Un texte secret portant réforme pénitentiaire appelle à la rééducation des « sectaires » et des Ouïghours à travers l’étude de la pensée de Xi Jinping et le renforcement de la surveillance électronique
par Massimo Introvigne
Bitter Winter a obtenu un document classé secret publié en avril 2019 par le Bureau général du Comité central du PCC et le Bureau général du Conseil des affaires de l’État intitulé « Opinions sur le renforcement et l’amélioration du travail carcéral » (《關於加強和改進監獄工作的意見》). Nous avons décidé de ne pas publier la copie en notre possession pour des raisons de sécurité (car elle indique le bureau local depuis lequel elle a été divulguée). Sur la base des informations disponibles sur les sites Web officiels des services compétents des administrations locales de toute la Chine continentale, nous avons conclu qu’une étude et une mise en œuvre des stipulations de ce document à l’échelle nationale sont en cours.

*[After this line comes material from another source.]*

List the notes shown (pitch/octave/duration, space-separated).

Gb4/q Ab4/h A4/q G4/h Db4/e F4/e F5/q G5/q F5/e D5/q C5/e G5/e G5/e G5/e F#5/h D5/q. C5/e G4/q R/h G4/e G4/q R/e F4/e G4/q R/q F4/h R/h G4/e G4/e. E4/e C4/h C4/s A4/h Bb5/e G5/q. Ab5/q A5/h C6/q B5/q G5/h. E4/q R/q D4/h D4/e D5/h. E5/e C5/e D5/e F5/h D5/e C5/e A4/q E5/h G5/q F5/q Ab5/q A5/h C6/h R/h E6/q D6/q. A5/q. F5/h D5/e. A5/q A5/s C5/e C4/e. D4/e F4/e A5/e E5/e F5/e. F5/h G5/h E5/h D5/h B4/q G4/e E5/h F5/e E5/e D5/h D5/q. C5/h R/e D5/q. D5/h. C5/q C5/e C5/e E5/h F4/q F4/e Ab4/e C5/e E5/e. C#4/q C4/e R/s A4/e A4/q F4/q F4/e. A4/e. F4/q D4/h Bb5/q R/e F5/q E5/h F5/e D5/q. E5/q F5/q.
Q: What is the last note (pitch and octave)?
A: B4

Le document affirme que les prisons « ont depuis longtemps contribué de manière significative à la consolidation du pouvoir du Parti et au maintien de la stabilité à long terme du pays ». Mais, « par ces temps où les conflits majeurs au sein de notre société connaissent des mutations, le travail carcéral n’a pas encore pris toute la mesure » de la nouvelle donne et de « la pensée socialiste de Xi Jinping avec des spécificités chinoises pour une nouvelle ère ».

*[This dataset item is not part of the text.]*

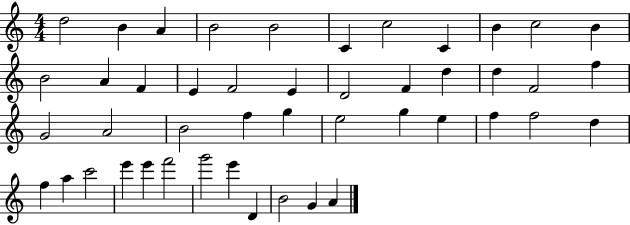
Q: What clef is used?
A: treble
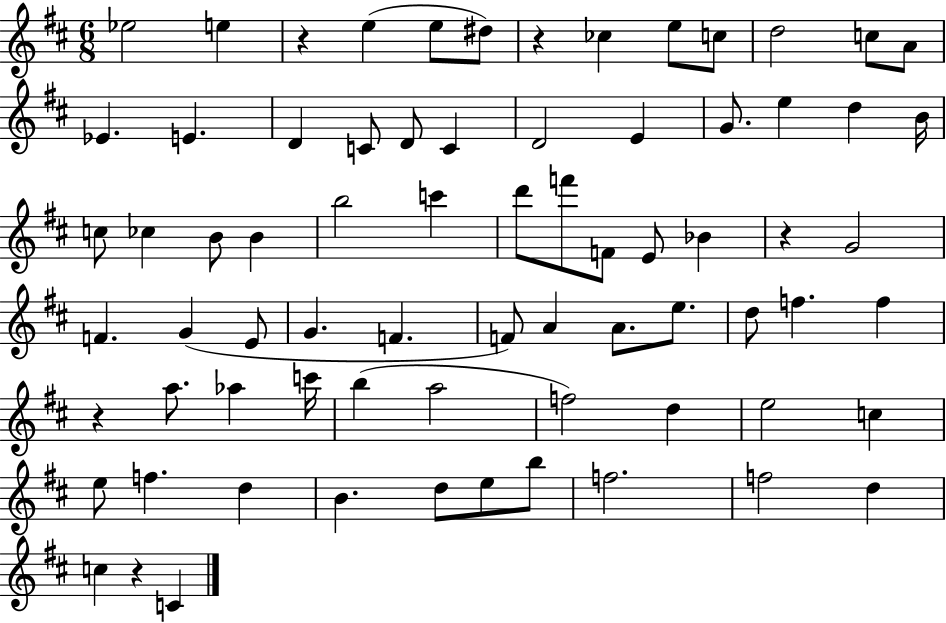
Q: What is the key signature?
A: D major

À quoi devrait ressembler une prison approuvée par Xi Jinping ? Le document recommande de « toujours considérer le maintien de la sécurité nationale et de la stabilité sociale comme une priorité absolue dans le travail carcéral ». La Chine de Xi entend « renforcer la veille politique et empêcher résolument toute infiltration, destruction et calomnie du Parti et du gouvernement par des forces hostiles ». Les prisons doivent « intensifier l’œuvre de “déradicalisation”. Elles doivent, conformément à la loi, traiter avec fermeté les criminels qui mettent en danger la sécurité nationale, adhèrent à des xie jiao, sont impliqués dans le crime organisé ou des activités maléfiques, ont un impact social majeur et ont des restrictions sur la commutation de leurs peines. Les prisons doivent défendre les principaux acquis du pays dans la lutte contre le terrorisme et le maintien de la stabilité, la répression de la corruption, la lutte contre le crime organisé et l’éradication du mal ». Il est particulièrement important de « renforcer le soutien politique en faveur des prisons de la région du Xinjiang et de poursuivre la mise en œuvre des mesures politiques connexes ».
Mais en quoi consistera la rééducation des Ouïghours du Xinjiang, des membres de mouvements religieux interdits taxés de xie jiao et des autres « criminels » ? Le PCC a la réponse. Les autorités pénitentiaires doivent « consciencieusement organiser l’étude de la pensée socialiste de Xi Jinping avec des spécificités chinoises pour une nouvelle ère » afin de transformer les détenus en « citoyens qui s’identifient idéologiquement et émotionnellement aux dirigeants du Parti, s’identifient à leur grande patrie, s’identifient à la nation chinoise, s’identifient à la culture chinoise et s’identifient au modèle de socialisme avec des spécificités chinoises ».
Les prisons doivent « mettre l’accent sur l’éducation idéologique, aider les criminels à se faire une idée correcte du monde, de la vie et des systèmes de valeurs. Intensifier la sensibilisation sur l’admission de culpabilité et la repentance (…) Mettre en œuvre des mesures de correction psychologique (…) et remodeler les criminels en leur imprimant un caractère sain ».
Au nombre des « grands criminels » qui doivent subir une « transformation vigoureuse », le document cite les « adeptes de xie jiao ». Pour cette catégorie, les prisons devraient s’efforcer « de relever le taux de succès de la transformation et de consolider les résultats positifs dans ce sens ».
D’après le document, la technologie devrait aider à cet effet. Les autorités pénitentiaires doivent « accélérer la construction de “prisons intelligentes”. Elles doivent utiliser le big data, l’Internet des objets, l’intelligence artificielle et d’autres moyens technologiques modernes pour accélérer la mise en place de “prisons intelligentes” standardisées, scientifiques et unifiées, qui disposent de données et d’informations complètes et précises, qui ont des applications commerciales souples et appréciées, et qui disposent d’un système intelligent et efficace d’analyse, de recherche et d’alerte rapide ».